I'm not naive and I don't live under a rock. I've heard of this very thing happening. Here and there. Sometimes on Tuesday. I know it happens. But it's never happened to ME.
You might argue that's it's because of the way I live my life. You might be right. Who I sleep with. Where I hang my hat. Who are we kidding, if you really knew me you'd know I sleep IN my hat. No way I'm losing THAT.
Socks is another beast. Or maybe a small sacrificial lamb. And somewhere in my abode is a nasty, ravenous Sock Monster who eats Sock Guy for snacks. Not only that, it follows me. From City to Country. Country to City.
My dwindling sock supply is not locationally challenged. This has never been a problem for me. I've never sacrificed a sock before. I've seen it on teevee. I've heard the old wives tales. But never once have I permanently lost my fuzzy foot covers.

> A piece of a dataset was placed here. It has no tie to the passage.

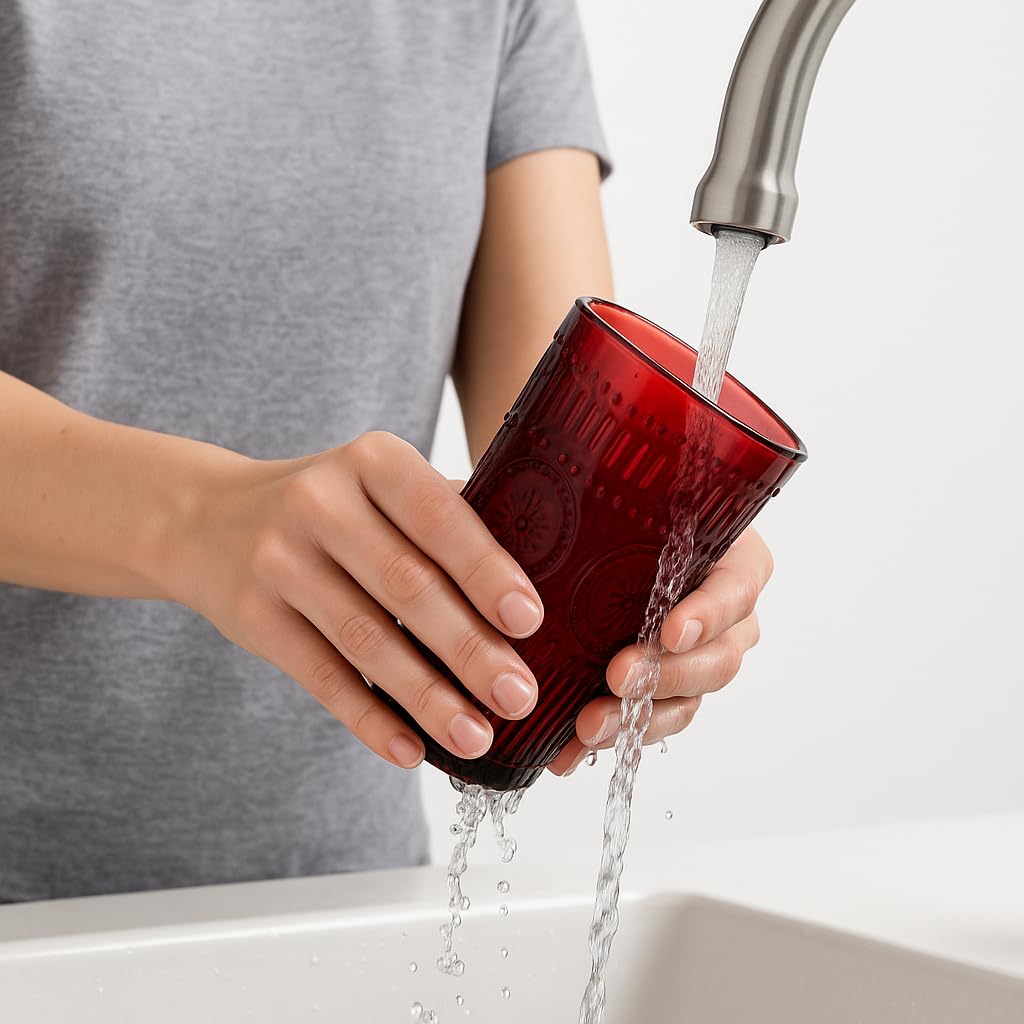 Cecaro Group Bicchieri Natale Vetro Rosso 6 Pezzi 280ml Rilievo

Until now. Now it's a good day when the dryer spits out TWO perfectly matched SmartWools. It's like winning the lottery. Kenmore Keno. And Luck is not my Lady tonight.
In the country there is a cat. Maybe two I'm not sure. But they carry these things around like a two year old's teddy. But I collect and congregate them. And engage in round of the childhood game Memory Match.
That's not it. There is something seriously eating these things like pop tarts. And it's not just mine. Now Sock Monster is eating the girl's socks too! So if you see me at an event or cruising down the street PLEASE don't mention that my socks don't match. I KNOW, but I'm running out of socks!